McKenna began by popping out his long southpaw jab, but Crocker was absolutely ruthless in the first three rounds, loading up with heavy fire, varied from body to head and uppercuts when in range.

But that dominance wasn't quite as pronounced in the fourth with McKenna enjoying more success and the fire coming his way not with the same venom as earlier.

Was is a case of having a round off? Well, McKenna was growing in confidence either way and his wish for a fight in the trenches began to emerge with both trading up close. Crocker did sense he had stung him to the ribs, pouring forward in the final seconds of the fifth and whilst well on top, McKenna was quite out of it either.

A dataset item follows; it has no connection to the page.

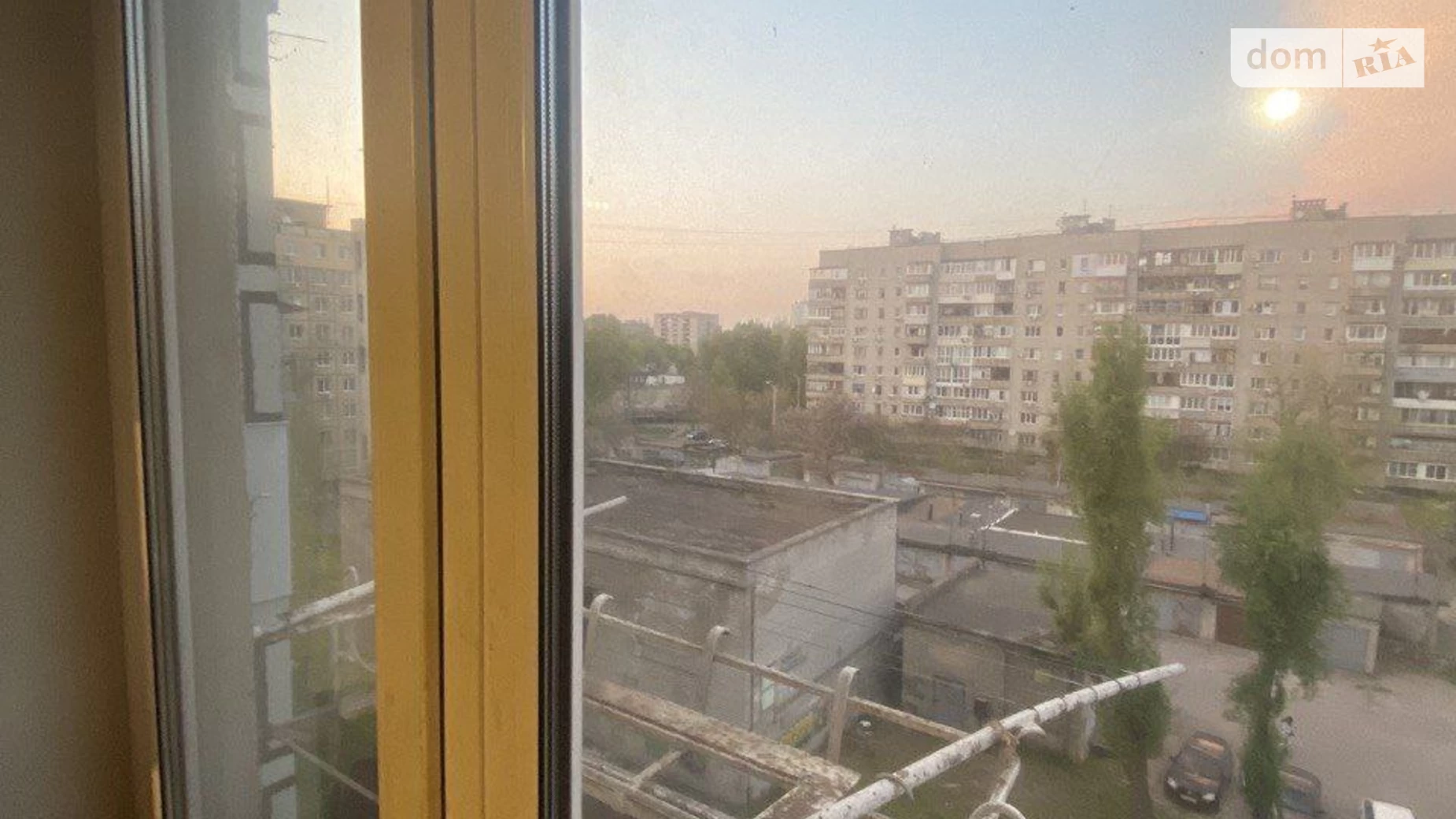 Продається 1-кімнатна квартира 22 кв. м у Дніпрі, вул. Сонячна Набережна(Малиновського Маршала), 18 - фото 3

There was plenty of posturing from both, Crocker doing a little jig towards the end of the sixth after another round where he was on top but another in which McKenna took everything coming his way.

It was more of the same in the seventh with McKenna refusing to budge and although he was having his moments, there were not enough of them with Crocker now well ahead on the cards.


Could McKenna find something to turn this around in the final rounds? He certainly tried early in the eighth, but just didn't have enough to flip the script with Crocker again loading up and looking a little frustrated at times when tied up.

Crocker went for it in the final round, but McKenna was going nowhere and perhaps deservedly heard the final bell given all he had put into this. It was a moral victory in a way but not the one he wanted as Crocker and his big support were celebrating a big win on a huge night.

"There always was respect," Crocker said about the rivalry with McKenna.

"It's just that when we were fighting each other and everything on the line tonight, but after there is no bad blood.

"He could have took a different fight for more money, but he took it and showed his b***s again tonight."

McKenna has since announced that this was his last dance as he has called time on his career that saw him mix it with some of the best names in the sport.

He can bow out with his head held high having never shirked a challenge, but it's time to pass the torch on.

"That's it for 'The Mighty Celt', people," he confirmed.

"I've given a lot to this sport and got way further than I ever thought possible when sleeping on the floors in Philly (early in his career). I never thought I'd be in some of the huge nights I was part of.

"I set out to try and become the most entertaining man in Ireland, always taking the hardest fights put to me even when I didn't have to. I had some amazing nights with you all, win, lose or draw. I hope I did you all proud. The one title no one will take any time soon is the hardest man in Ireland."